Dataset records >>
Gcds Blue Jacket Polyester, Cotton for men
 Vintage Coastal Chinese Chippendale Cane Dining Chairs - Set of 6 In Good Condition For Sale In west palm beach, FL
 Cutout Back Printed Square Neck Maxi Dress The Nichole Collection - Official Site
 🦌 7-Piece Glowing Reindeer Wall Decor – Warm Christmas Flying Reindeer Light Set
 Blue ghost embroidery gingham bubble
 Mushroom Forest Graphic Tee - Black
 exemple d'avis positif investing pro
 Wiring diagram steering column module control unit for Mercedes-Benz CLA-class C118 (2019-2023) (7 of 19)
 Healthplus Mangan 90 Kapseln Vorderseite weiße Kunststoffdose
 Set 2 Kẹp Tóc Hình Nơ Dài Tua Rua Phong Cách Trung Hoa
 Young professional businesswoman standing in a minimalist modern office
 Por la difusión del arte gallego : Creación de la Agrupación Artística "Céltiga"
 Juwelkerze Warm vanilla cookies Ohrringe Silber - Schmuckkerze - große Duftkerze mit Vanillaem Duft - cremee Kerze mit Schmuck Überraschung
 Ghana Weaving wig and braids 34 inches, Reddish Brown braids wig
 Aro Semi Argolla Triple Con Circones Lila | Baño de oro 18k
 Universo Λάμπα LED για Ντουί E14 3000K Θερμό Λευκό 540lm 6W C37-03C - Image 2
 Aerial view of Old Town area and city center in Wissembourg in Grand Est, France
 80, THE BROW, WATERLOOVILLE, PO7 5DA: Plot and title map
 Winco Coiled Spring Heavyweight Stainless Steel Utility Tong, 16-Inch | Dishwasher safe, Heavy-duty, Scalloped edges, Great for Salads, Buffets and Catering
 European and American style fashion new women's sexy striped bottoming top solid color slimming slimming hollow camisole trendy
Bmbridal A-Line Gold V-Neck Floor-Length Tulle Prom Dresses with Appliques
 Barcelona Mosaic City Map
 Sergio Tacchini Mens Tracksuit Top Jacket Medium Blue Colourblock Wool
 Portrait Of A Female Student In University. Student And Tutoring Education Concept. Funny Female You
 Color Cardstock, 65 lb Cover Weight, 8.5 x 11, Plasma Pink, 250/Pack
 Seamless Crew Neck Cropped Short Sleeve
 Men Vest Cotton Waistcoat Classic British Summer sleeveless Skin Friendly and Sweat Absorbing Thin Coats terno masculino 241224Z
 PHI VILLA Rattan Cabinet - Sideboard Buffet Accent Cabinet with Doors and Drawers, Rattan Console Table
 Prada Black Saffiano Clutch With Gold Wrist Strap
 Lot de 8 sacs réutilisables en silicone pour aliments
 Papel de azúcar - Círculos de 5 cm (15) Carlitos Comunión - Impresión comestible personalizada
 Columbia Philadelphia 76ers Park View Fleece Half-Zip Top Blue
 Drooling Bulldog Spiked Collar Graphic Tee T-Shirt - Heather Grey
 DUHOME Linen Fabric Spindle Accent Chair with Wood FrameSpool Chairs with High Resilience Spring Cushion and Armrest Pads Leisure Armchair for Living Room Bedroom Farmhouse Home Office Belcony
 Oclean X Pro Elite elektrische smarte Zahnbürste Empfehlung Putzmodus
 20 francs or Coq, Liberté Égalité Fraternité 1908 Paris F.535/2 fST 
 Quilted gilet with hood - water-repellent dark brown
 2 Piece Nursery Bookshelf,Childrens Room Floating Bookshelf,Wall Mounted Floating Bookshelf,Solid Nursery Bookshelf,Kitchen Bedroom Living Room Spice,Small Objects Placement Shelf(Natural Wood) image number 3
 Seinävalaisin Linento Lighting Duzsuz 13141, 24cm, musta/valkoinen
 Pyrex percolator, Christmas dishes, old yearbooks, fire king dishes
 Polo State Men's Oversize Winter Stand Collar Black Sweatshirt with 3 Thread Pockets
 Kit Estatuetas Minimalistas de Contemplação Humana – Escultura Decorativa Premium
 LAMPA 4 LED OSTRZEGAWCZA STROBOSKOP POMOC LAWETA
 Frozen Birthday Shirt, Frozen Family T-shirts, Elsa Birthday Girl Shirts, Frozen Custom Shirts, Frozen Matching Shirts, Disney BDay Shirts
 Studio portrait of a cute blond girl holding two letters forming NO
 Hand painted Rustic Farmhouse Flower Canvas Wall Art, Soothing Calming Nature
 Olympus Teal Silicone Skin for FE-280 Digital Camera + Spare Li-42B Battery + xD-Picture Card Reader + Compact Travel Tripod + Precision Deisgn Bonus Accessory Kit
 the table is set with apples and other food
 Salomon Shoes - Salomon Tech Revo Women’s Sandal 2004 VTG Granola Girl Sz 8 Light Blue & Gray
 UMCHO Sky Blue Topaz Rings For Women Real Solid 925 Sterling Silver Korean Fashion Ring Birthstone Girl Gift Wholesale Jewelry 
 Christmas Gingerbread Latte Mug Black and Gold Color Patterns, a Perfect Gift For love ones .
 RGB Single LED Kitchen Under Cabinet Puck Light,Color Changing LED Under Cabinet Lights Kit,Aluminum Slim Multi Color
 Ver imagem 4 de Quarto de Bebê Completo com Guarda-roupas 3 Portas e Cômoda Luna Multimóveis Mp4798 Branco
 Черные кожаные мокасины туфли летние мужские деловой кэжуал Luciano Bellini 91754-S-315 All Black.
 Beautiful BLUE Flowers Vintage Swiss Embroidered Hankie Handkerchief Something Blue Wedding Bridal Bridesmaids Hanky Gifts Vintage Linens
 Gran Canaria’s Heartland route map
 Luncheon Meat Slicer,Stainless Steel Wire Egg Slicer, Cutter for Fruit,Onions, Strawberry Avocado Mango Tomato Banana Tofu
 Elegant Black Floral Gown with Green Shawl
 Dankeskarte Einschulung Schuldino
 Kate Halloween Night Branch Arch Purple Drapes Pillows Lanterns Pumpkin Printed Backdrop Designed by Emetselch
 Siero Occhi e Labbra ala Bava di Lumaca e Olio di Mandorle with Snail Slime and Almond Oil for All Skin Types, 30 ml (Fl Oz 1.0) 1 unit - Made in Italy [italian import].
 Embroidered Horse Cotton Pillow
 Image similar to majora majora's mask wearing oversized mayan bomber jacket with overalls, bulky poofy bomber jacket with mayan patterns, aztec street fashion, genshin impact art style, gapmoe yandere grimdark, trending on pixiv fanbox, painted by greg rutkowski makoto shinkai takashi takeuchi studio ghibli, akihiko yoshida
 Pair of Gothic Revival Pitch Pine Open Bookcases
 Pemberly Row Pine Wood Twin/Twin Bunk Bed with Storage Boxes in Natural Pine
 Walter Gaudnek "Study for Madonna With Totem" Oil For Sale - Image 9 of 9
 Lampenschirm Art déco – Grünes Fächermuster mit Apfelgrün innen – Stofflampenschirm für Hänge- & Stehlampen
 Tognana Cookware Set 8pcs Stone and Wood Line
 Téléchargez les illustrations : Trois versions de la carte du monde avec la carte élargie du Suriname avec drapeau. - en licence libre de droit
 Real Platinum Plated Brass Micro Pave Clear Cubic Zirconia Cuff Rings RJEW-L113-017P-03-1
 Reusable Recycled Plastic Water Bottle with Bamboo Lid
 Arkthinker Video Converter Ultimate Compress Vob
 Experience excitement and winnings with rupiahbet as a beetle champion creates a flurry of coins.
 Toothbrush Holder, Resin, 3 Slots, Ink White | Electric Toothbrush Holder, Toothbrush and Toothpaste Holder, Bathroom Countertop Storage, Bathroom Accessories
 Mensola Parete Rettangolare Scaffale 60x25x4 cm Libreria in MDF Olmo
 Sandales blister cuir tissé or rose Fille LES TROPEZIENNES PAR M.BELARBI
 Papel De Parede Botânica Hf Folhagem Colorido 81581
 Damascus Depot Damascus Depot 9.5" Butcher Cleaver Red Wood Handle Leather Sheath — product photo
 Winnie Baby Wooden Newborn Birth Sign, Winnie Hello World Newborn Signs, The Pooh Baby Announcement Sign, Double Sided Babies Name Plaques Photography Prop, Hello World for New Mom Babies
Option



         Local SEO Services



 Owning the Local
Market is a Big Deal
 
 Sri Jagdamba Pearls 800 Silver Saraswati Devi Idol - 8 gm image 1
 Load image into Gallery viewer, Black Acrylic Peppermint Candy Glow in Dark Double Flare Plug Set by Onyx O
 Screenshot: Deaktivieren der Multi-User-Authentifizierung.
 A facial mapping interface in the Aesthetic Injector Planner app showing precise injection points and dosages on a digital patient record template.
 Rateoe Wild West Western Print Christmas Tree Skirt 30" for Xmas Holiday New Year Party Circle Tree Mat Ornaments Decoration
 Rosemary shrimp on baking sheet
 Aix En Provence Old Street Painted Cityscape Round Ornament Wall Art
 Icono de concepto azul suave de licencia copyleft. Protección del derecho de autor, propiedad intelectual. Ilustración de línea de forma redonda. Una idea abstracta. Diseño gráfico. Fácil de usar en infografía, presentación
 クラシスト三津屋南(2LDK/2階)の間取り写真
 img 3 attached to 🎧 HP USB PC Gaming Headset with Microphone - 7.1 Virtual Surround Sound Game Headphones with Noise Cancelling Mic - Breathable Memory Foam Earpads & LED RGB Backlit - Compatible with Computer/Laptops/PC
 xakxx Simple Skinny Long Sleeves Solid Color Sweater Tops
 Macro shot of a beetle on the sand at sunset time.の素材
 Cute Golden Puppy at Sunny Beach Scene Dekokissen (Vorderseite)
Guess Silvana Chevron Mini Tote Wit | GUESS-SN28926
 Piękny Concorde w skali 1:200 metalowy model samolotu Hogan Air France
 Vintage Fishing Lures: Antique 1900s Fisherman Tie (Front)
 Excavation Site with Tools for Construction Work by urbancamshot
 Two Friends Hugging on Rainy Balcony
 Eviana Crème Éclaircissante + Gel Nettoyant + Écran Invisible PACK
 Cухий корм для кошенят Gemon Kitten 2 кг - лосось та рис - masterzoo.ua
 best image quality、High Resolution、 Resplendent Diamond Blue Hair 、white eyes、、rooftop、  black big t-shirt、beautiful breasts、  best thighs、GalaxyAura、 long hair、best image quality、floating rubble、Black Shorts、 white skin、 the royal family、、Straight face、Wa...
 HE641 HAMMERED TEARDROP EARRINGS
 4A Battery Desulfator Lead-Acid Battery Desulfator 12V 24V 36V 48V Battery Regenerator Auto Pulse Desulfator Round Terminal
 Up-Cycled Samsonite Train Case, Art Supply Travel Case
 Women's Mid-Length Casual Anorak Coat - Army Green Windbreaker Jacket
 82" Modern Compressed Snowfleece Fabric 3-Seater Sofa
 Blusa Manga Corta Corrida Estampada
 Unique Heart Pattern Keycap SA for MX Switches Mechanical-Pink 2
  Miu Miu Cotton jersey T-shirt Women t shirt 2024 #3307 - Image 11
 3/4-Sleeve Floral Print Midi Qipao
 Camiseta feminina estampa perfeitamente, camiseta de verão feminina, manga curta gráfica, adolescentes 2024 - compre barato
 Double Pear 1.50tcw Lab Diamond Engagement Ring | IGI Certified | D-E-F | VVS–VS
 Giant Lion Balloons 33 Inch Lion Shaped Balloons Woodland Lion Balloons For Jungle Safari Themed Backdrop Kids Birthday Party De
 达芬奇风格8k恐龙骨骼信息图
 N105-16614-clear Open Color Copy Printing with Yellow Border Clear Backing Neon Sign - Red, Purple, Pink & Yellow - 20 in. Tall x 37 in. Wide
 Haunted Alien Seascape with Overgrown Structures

Exercise requirements >> The word to find is "Storage". Copy every line of the records that holds it.

Exercise response >>
 Pemberly Row Pine Wood Twin/Twin Bunk Bed with Storage Boxes in Natural Pine
 Toothbrush Holder, Resin, 3 Slots, Ink White | Electric Toothbrush Holder, Toothbrush and Toothpaste Holder, Bathroom Countertop Storage, Bathroom Accessories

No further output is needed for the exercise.